A scalable, extensible platform for information retrieval research. Scalable
performance allows us to explore more resource intensive IR techniques.
-
JavaSpaces - high level coordination mechanism for distributed systems.
Provides a light weight publish/subscribe distributed programming model
-
"messages" in a java space should be small. Use direct, point-to-point
mechanisms for bulk data transfers.
-
Cheshire will have low volume transactions.
-
distributed transactions, leasing, events come for "free"
-
Use JaveSpaces to govern distributed transactions
-
A single operational model for Cheshire that encompasses single node installations,
uniformly administered clusters, as well as independently administered
federations.
-
every operation is a distributed operation
-
an operation is applied over a set of collections
-
collections
-
single node or cluster: can be partitions of other collections
-
federation: can be partitions or subsets of other collections. In other
words, collections in a loosely coupled federation may have overlapping
records.
-
Virtual Collection: the external interface (or view) to collections. A
VC may present only part of the underlying real collection in its interface.
A VC may grow or shrink dynamically within the bounds of the real collection.
A search only needs to be done over documents in VC, not all documents
in the collection. This gives us a way to logically partition a collection
across a number of machines for performance increase, but with built in
redundancy in the case of node failures. When a node failures, its VC is
simply distributed (logically) to other nodes in the cluster.
-
Cheshire servers can be organized into server groups. A server group can
be thought of as an administrative unit.
-
Designing for parallelism and scalability
-
One I/O worker per disk (conceptually). The philosophy here is that we
don't want the OS to attempt more parallelism in software than actually
exists in hardware. If Berkeley DB is intelligent about concurrent accesses
to disk, we already have this effect and don't need to do anything special
here.
-
One data worker for each data resource. Here, a data resource should not
straddle multiple disks. The philosophy is that there is an optimal way
to concurrently access each resource. And the data worker is responsible
for scheduling this access.
-
One compute worker for each CPU (conceptually). The OS can be thought to
be exactly this kind of worker. The OS knows about its CPU resources and
schedules them accordingly.
-
One task worker for each task. A task may be protocol translation, search,
display, update, etc.
-
A distinction should be made between task and data workers in the same
address space and those in difference address spaces. In general, data
intensive tranfers should happen only between data and task workers in
the same address space. Task workers have direct read access to data. Writes
are handled by background data workers.
-
use Profiling tools for performance tuning
-
Building an open system
-
Loosely coupled object architecture
-
distinguish between structural and behavioral patterns in an object architecture
-
superclasses captures the core contract, while interfaces capture ancillary
contracts.
-
objects can be created on demand. If this is done (could be an attractive
option for Document objects), it should be hidden from clients.
-
object composition (black box reuse) is more reusable than class inheritance
(white box reuse)
-
Reduce the proliferation of types with "unsupported operation" exceptions.

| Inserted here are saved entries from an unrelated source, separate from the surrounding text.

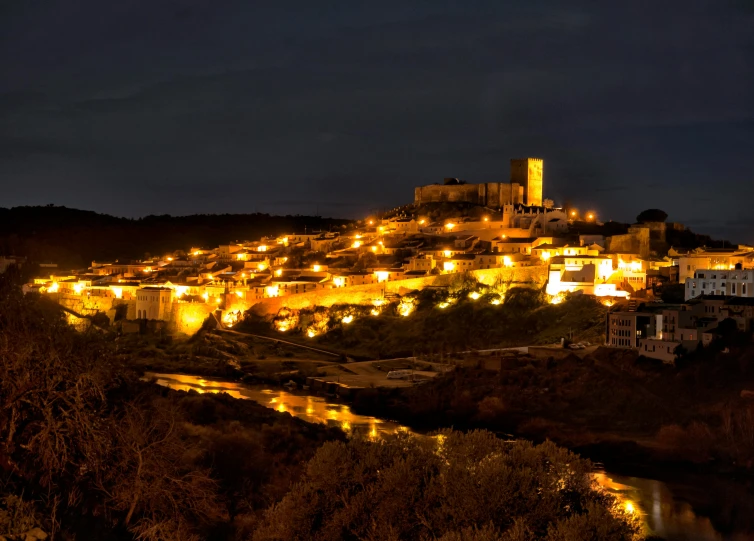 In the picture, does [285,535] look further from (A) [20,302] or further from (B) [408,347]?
(B) [408,347]

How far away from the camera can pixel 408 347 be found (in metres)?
35.8

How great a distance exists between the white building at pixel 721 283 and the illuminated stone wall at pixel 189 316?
822 inches

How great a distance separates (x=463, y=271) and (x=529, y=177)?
1816cm

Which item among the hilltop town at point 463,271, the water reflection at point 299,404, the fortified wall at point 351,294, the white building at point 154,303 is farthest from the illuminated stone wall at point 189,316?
the water reflection at point 299,404

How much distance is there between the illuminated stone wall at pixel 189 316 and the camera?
4069 cm

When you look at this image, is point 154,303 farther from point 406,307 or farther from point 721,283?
point 721,283

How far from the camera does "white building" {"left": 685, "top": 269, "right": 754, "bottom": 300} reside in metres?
30.6

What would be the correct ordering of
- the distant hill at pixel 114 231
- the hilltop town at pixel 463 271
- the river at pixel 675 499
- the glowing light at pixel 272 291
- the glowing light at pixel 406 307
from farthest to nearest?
the distant hill at pixel 114 231
the glowing light at pixel 272 291
the glowing light at pixel 406 307
the hilltop town at pixel 463 271
the river at pixel 675 499

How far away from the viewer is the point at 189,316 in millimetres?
40875

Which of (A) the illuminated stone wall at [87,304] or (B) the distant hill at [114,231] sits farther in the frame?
(B) the distant hill at [114,231]

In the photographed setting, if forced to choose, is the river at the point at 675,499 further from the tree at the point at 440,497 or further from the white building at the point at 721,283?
the white building at the point at 721,283

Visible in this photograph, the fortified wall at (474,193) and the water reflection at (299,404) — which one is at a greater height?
the fortified wall at (474,193)

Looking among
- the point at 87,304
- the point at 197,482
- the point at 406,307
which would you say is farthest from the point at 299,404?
the point at 87,304

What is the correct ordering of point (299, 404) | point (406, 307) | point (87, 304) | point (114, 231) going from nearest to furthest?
point (299, 404) < point (406, 307) < point (87, 304) < point (114, 231) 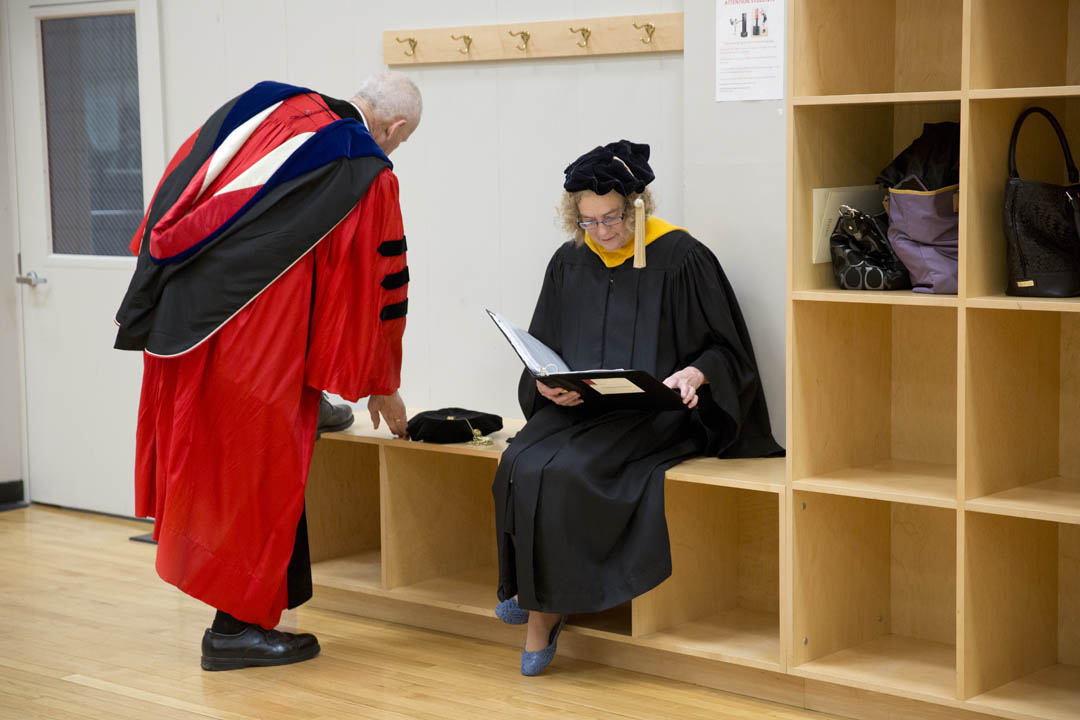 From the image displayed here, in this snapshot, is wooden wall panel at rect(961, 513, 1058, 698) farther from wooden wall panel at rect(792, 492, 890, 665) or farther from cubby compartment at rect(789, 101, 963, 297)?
cubby compartment at rect(789, 101, 963, 297)

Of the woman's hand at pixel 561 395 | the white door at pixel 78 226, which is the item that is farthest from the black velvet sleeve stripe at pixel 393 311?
the white door at pixel 78 226

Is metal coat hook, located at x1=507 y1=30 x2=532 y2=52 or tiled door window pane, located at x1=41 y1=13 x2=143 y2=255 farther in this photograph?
tiled door window pane, located at x1=41 y1=13 x2=143 y2=255

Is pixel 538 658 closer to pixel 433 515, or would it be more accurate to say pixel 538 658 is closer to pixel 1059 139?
pixel 433 515

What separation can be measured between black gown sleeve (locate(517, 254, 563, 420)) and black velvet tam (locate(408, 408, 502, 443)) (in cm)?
18

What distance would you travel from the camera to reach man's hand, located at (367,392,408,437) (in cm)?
386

That is, define broad, general types and leave it to implementation to
support or refuse operations.
-
Override uncaughtException in root threadgroup for error handling. All
threads should be decendents of root group.
-
Follow these
code conventions where practical.
-
Packages contain functionally related classes and do not necessarily reflect
on structural patterns. For example, although index and retrieval objects
are aggregated under (managed by) document objects, the index and retrieval
packages are not subpackages of the document package. Using packages to
document structural patterns is both unnecessary and insufficient. They
are, however, a useful way to define behavioral groups; the document package
deals with documents, index package deals with indexing, etc.